The astronomers recently reported their findings in a study in the publication Nature.

The targeted galaxy is known as SPT0418-47. Scientists had already identified it as a galaxy similar to our own Milky Way in several ways. But the amount of dust surrounding it made past observations difficult.

The researchers said telescope data permitted them to differentiate between infrared signals produced by larger dust particles and those produced by PAHs.

Justin Spilker is an astronomer at Texas A&M University. He helped lead the research. He said in a statement that PAHs are "actually pretty common in space." But the latest research helped astronomers learn new things about them.

"Astronomers used to think they were a good sign that new stars were forming," Spilker said. "Anywhere you saw these molecules, baby stars were also right there..." Spilker noted that the power of the James Webb telescope permitted the team to find many areas with smoke but no star formation.

The researchers said an observation method called gravitational lensing also helped them. This method involves observing how the gravity of large collections of galaxies can distort the light of more distant galaxies that sit behind the galaxy group, NASA explains. To distort means to change the natural or normal quality of something.

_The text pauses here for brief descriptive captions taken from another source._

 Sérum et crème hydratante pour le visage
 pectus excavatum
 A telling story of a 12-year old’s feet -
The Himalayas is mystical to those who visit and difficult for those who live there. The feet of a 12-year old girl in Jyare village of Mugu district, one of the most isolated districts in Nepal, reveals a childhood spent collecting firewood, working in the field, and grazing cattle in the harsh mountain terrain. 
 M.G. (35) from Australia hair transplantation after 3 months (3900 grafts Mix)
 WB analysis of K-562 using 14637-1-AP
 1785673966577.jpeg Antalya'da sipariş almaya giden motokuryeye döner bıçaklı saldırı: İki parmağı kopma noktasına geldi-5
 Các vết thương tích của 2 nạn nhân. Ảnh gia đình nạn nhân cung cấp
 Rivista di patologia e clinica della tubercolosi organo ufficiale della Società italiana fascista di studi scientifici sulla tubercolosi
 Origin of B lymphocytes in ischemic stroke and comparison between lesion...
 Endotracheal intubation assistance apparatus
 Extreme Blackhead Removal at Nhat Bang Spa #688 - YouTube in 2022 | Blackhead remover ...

Joaquin Vieira is a professor of astronomy and physics at the University of Illinois Urbana-Champaign. He was a lead researcher on the project. Vieira said that the combined abilities of James Webb and gravitational lensing made it possible for the researchers to observe through the dust to identify the PAHs.

Observations of the targeted galaxy suggested it contained gas filled with heavy elements. This means that generations of stars had already lived and died there, the team said.

Vieira said the findings were completely unexpected and could be a "game-changer" for future observations of distant galaxies.

"This work is just the first step, and we're just now learning how to use (the telescope) and learn its capabilities." He added, "We are very excited to see how this plays out."

The astronomers are looking forward to using the same equipment and methods to find out more about the early formation of the universe.

Texas A&M's Spilker said he is "excited to see all the new things" the James Webb can do for astronomers in the future.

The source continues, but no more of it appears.